• _WORK INSTRUCTION_
Transcribe the records below. Leave every line exactly as written.

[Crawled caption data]
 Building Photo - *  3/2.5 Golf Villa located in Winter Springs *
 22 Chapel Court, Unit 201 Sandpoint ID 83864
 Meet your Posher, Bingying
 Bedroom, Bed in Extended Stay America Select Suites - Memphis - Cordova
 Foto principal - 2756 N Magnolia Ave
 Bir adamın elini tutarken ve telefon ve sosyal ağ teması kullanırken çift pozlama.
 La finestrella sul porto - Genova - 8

• _RESULT_
 Building Photo - *  3/2.5 Golf Villa located in Winter Springs *
 22 Chapel Court, Unit 201 Sandpoint ID 83864
 Meet your Posher, Bingying
 Bedroom, Bed in Extended Stay America Select Suites - Memphis - Cordova
 Foto principal - 2756 N Magnolia Ave
 Bir adamın elini tutarken ve telefon ve sosyal ağ teması kullanırken çift pozlama.
 La finestrella sul porto - Genova - 8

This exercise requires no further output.